My Lords, over the past 10 years the Government have delivered a number of radical changes to the pensions system that have transformed the way that people can save and access their pension savings.

Among the changes that we have made, we have removed the default retirement age, facilitating fuller working lives, we have made it easier for people to understand their state pension by introducing the new state pension, and by setting the full level at £155.65 and raising the state pension age we have lifted more pensioners out of means testing and put the state pension on a sustainable footing. We have increased private long-term savings by introducing automatic enrolment, and 6.7 million people have already been automatically enrolled into a workplace pension by 257,000 employers. By 2018, we estimate that 10 million workers will be newly saving or saving more into a workplace pension as a result of this change, generating around £17 billion in additional pension saving by 2020. In the summary of its report on automatic enrolment, published in May of this year, the Work and Pensions Select Committee said that so far, automatic enrolment had been a great success and that it had,

“been declared a success by pension providers, employers, trade unions and Government”.

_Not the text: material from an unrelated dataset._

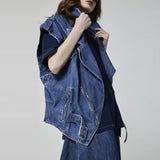 COLETE OVERSIZED PERFECTO JEANS AZUL MÉDIO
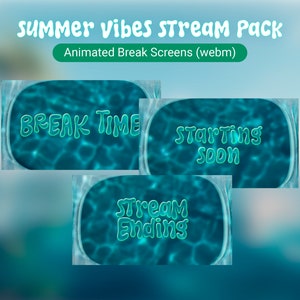 Animated Twitch Stream Package Summer Vibes - Clean Minimalist Blue ...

We have also given people greater flexibility in relation to their pensions. The pension freedoms, which came into effect in April 2015, allow over-55 year-olds to access their pension savings more flexibly. HMRC reports that in the first year of pension freedoms, 232,000 individuals accessed a flexible payment. Since April 2016, it has been compulsory for providers to report this information. In the first six months since compulsory reporting was introduced, 243,000 individuals received a flexible payment, with 619,000 payments made in total. The total value of all flexible payments since the introduction of the freedoms is £7.65 billion.

The Bill builds on these changes. Automatic enrolment means that more people are saving into a private pension. The new freedoms mean they have more choice about what they do with their savings than ever before. We need to ensure that the legislative framework is appropriate in the light of these developments. The measures in the Bill will help to protect savers and maintain their confidence in pension savings.

The majority of the Bill focuses on master trust occupational pension schemes, which have become a most popular vehicle into which workers are automatically enrolled, particularly among small and micro-employers. Although these schemes can offer great value for members and employers, we need to act now to make sure they are regulated in the right way.

The schemes are regulated by the Pensions Regulator and occupational pension legislation. However, that legislation was developed mainly with single-employer pension schemes in mind. Master trust schemes have different structures and dynamics, so the Bill introduces a new authorisation regime for them and new powers for the Pensions Regulator to intervene where schemes are at risk of failing.

Master trusts will now have to satisfy the regulator that they meet certain criteria before operating, and schemes must continue to meet the criteria to remain authorised. The criteria respond to specific key risks identified in master trust schemes. They were developed in discussion with the industry and include the kinds of risks that the Financial Conduct Authority regulation addresses in group personal pensions, with which master trust schemes have some similarities.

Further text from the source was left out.